HOUSTON -- Russian
flight controllers for the International Space Station (ISS) restored contact
with a pair of vital computers aboard the orbital laboratory early Thursday
after a major failure left the outpost dependent on U.S. systems and NASA's shuttle
Atlantis for attitude control.
NASA ISS flight director Holly Ridings said efforts to recover
the failed computers overnight appeared to payoff as engineers reactivated
communications with main systems in the station's Russian-built Zvezda service
module and the Zarya control module.
"It looks
like they've made a lot of progress overnight," Ridings said in a status report, adding
that Russian Mission Control is now receiving telemetry from the station's
Russian segments. "There're some cleanup steps to do still, and some
investigation."
Efforts to
bring the computers back up to full operations are underway.
An
unexplained glitch shutdown primary Russian computers aboard the ISS early
Wednesday, leaving it dependent on the station's U.S. gyroscopes and thrusters
aboard Atlantis for attitude control and other primary systems. The issue left mission
managers contemplating a one-day extension to the space shuttle Atlantis crew's
already
extended 13-day mission to give additional time to work through the glitch.
This
morning, astronauts aboard Atlantis were given the go ahead by Mission Control
here at NASA's Johnson Space Center to power down non-essential shuttle systems
should that one-day extension be required, but a final decision on the
lengthening the mission has not been made, NASA said.
Atlantis'
STS-117 astronauts are currently scheduled to return to Earth on June 21.
Ridings
said that engineers are continuing to troubleshoot the Russian computer issues,
but a number of positive steps occurred early Thursday.

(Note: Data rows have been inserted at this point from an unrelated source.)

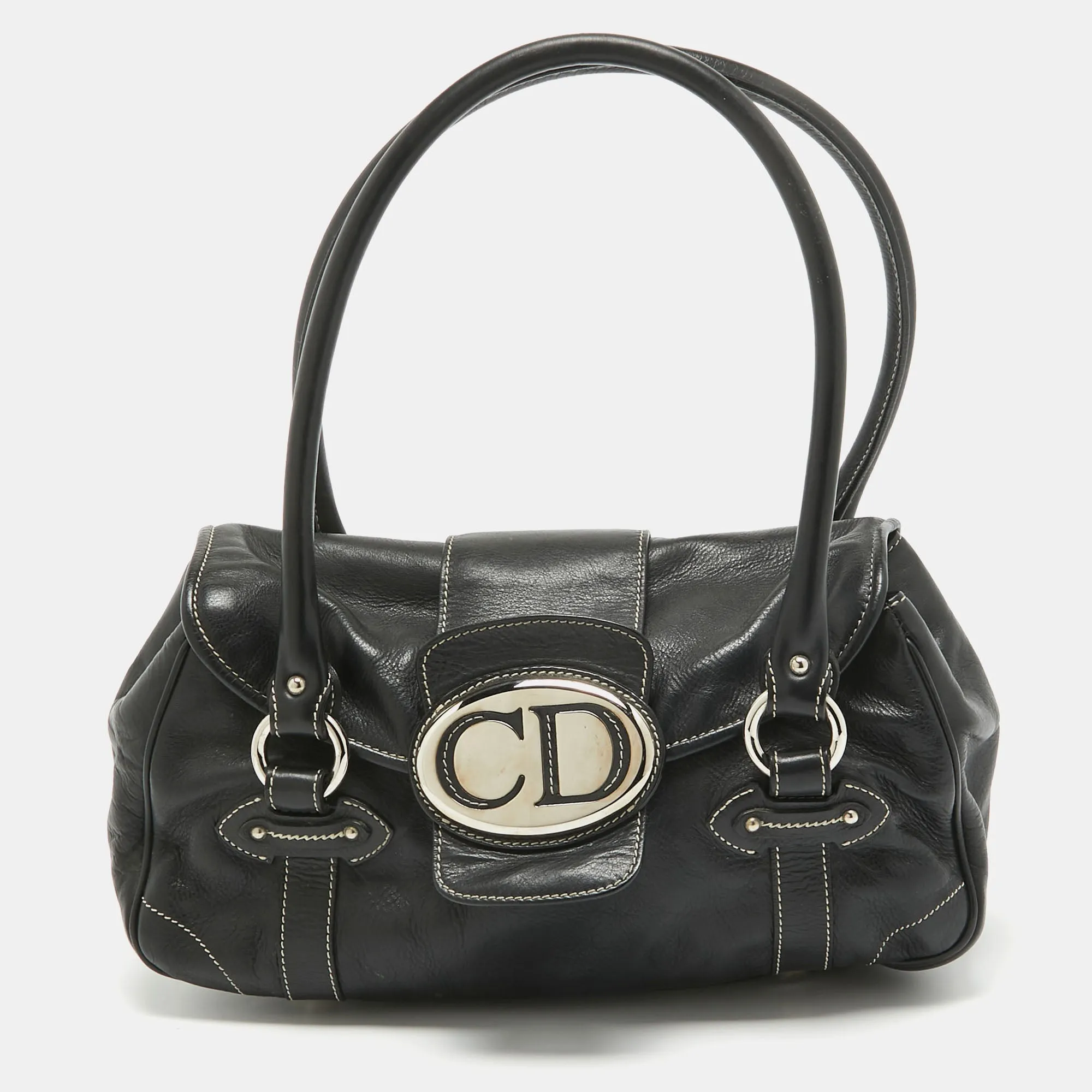 DIOR Black Leather St. Germain Flap Satchel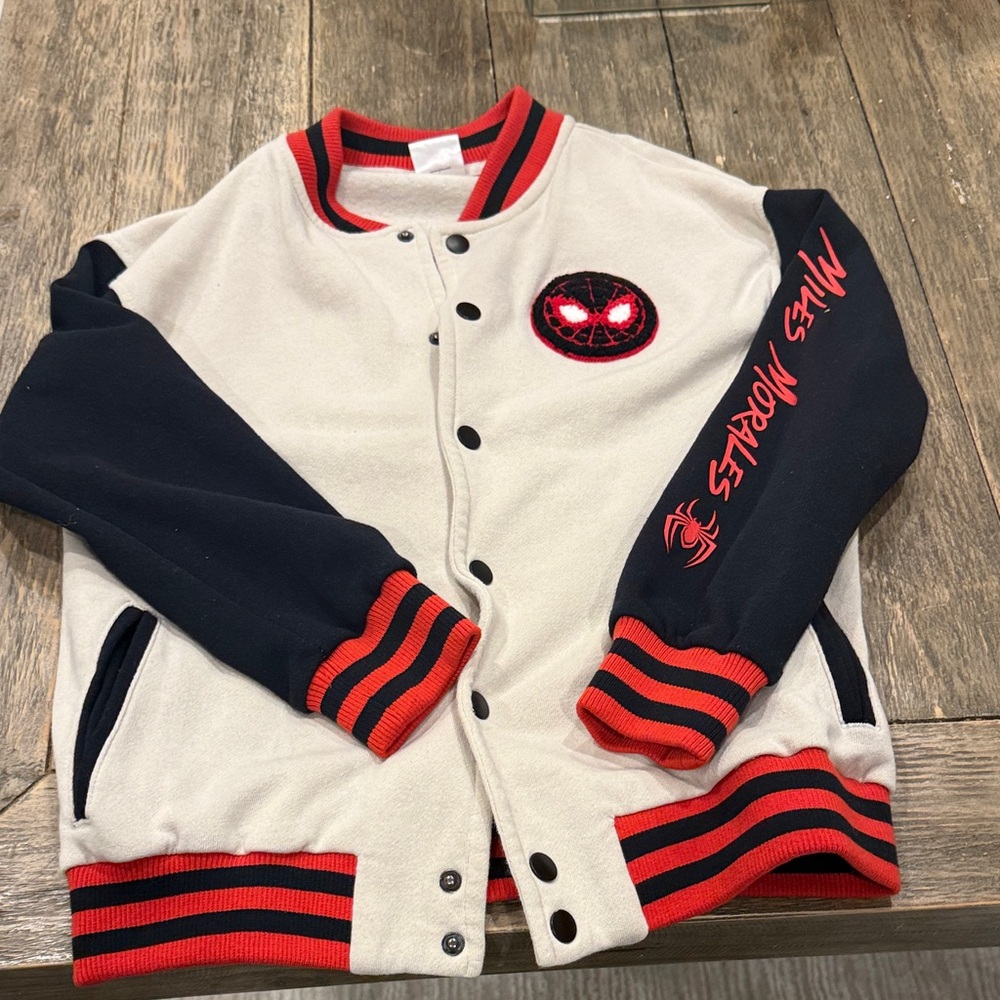 Spider-Man Miles Morales Varsity Jacket with Red and Black Accents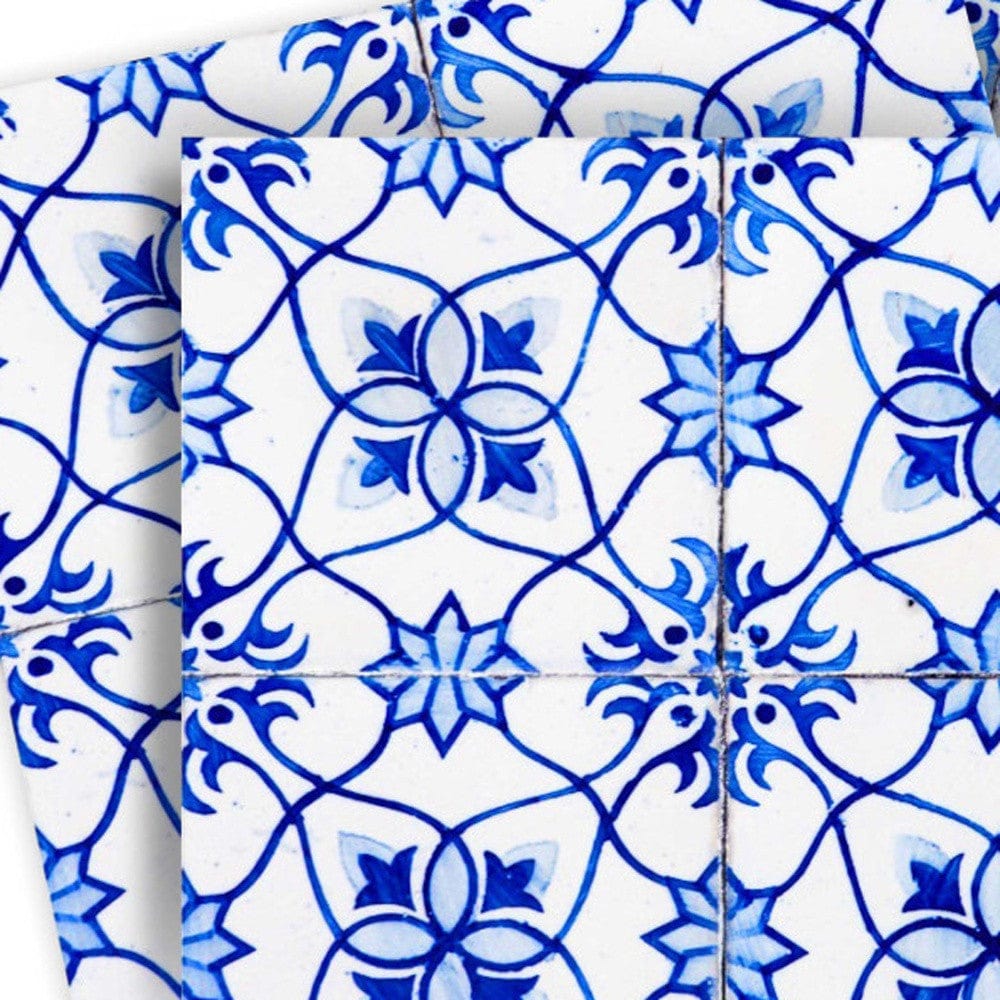 7" X 7" Blue Micro Peel And Stick Removable Tiles - Homeroots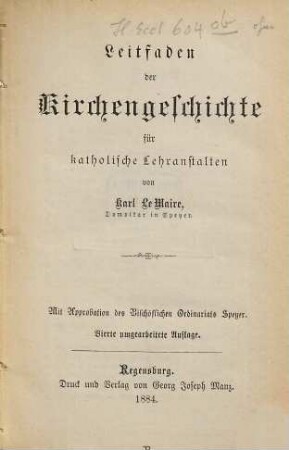 Leitfaden der Kirchengeschichte für katholische Lehranstalten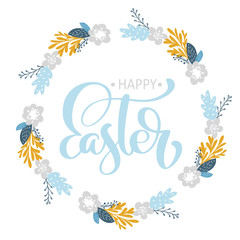Fototapeta na wymiar Hand drawn lettering Happy Easter wreath with flowers, branches and leaves. vector illustration. Design for wedding invitations, greeting cards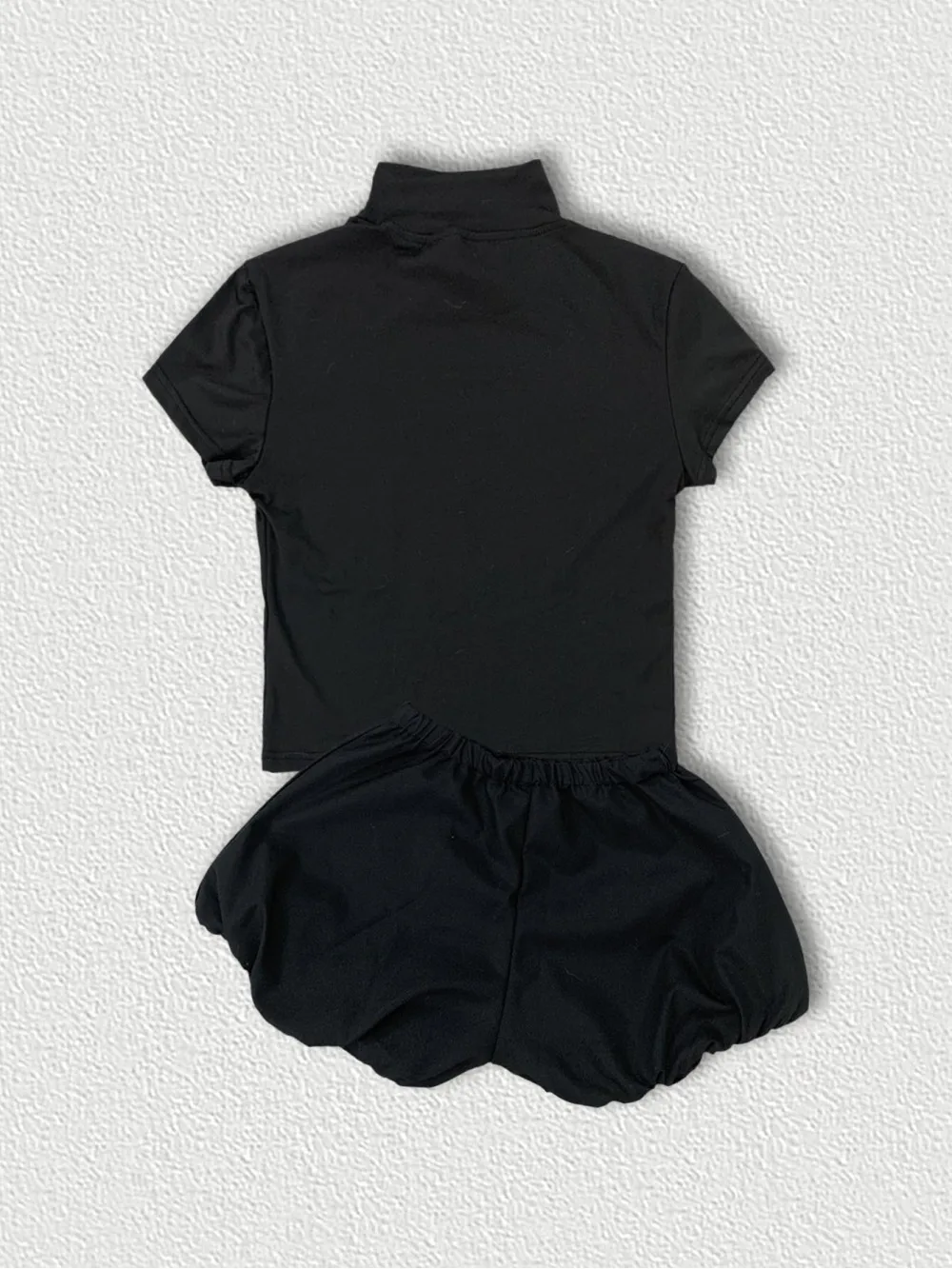 2026 new summer American letter printed semi high neck short sleeved top, flower bud shorts, casual home set, street trend ins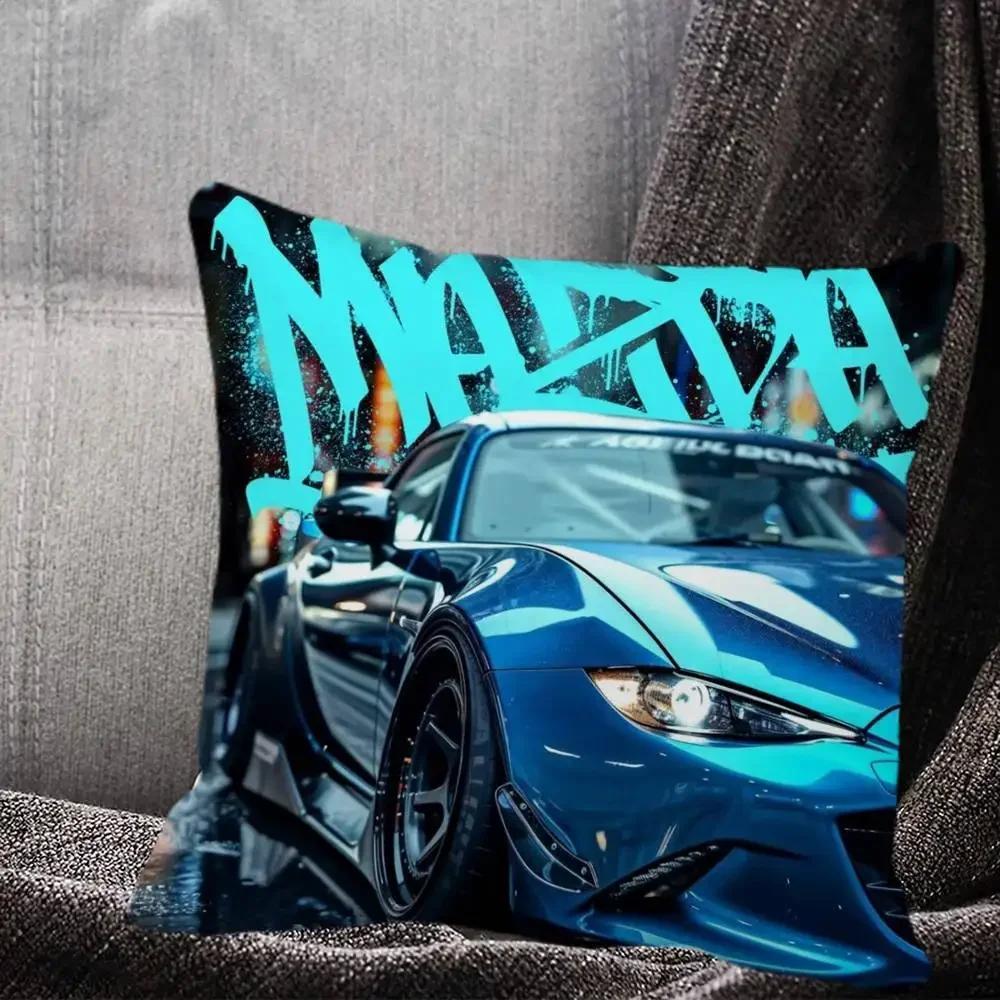 Blue Miata Supra Car E36 Luxury Super Car Pillow Case Square Pillow Bedroom Sofa Leisure Comfort Cushion Home Decoration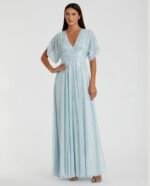 Mac Duggal 10807 Sz 14 Powder  Blue Sequin Beaded Dress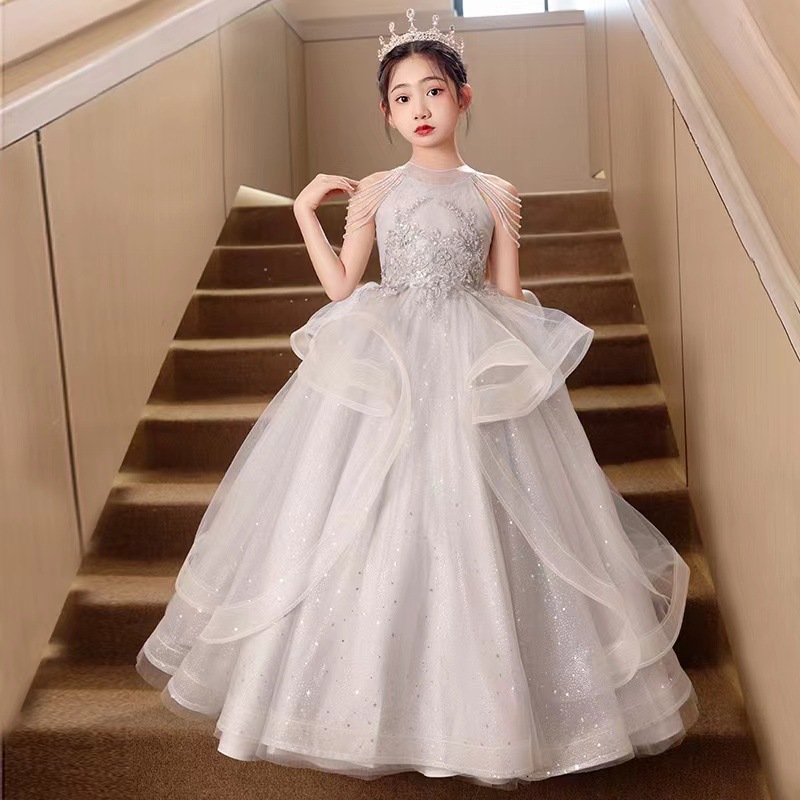 Vestido infantil de niña vestido de princesa de cumpleaños vestido de nicho de lujo ligero anfitrión de niños piano rosa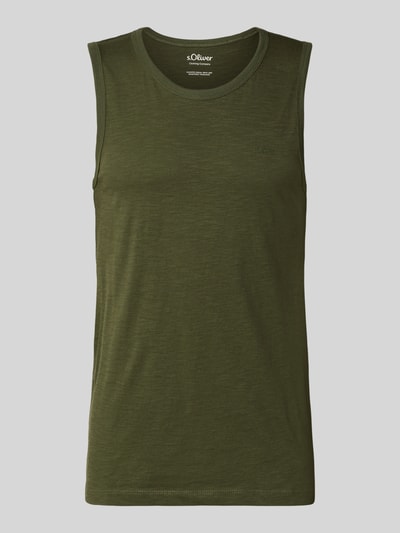 Produktfoto, Regular Fit Tank Top aus reiner Baumwolle von s.Oliver RED LABEL in Olivgrün, unifarben, Flammgarnstruktur, U-Ausschnitt.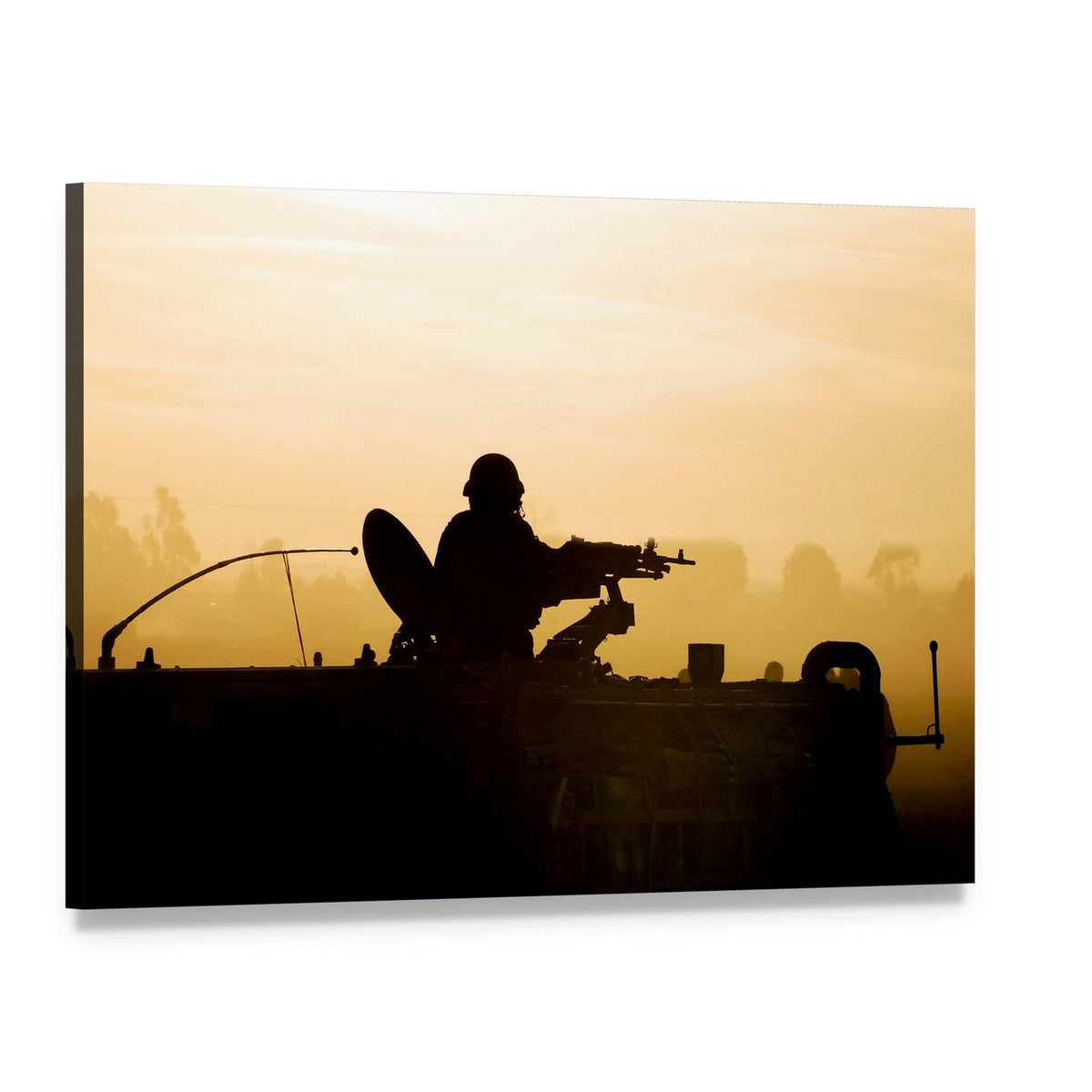 Soldier Preparing His Tank Canvas Wall Art, single panel gallery wrapped canvas, angled product view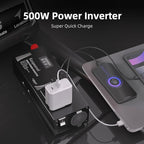 500W Power Inverter DC 12V to 110V Car Charger Converter with Dual USB Ports and 2 AC Outlets for Air Compressor Laptops, Road Trip Accessories (Black)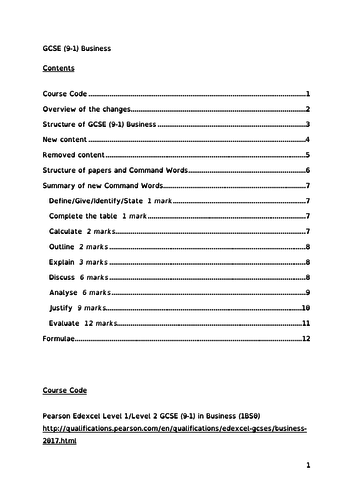 Guide to the new Edexcel GCSE (9-1) Business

Russian ISS engineers speculated
that glitch is a power problem, possibly related to the installation this week
of new
starboard solar arrays at the ISS, NASA said.
ISS
Expedition 15 commander Fyodor Yurchikhin, a Russian cosmonaut, worked with flight
controllers earlier today and reported that both of the computers under study were
available and rebooting at about 7:02 a.m. EDT (1102 GMT). A few minutes later,
power was restored to the station's Zarya control module, NASA said.
The effort to
restore communications with the computers did prompt a false fire alarm aboard
the ISS, the second this
week spawned by a computer glitch. But Ridings said that, as previously,
there was no evidence an actual fire had occurred.
By 7:46
a.m. EDT (1146) a Soyuz spacecraft docked the ISS, which was switched to its
own internal batteries late Wednesday as a power-saving measure, was once more
drawing power from the ISS, NASA added.
"It has
been a very positive sort of morning," NASA spokesperson John Ira Petty told SPACE.com.
NASA is
broadcasting the space shuttle Atlantis' STS-117 mission live on NASA TV. Click here for mission updates and
SPACE.com's video feed.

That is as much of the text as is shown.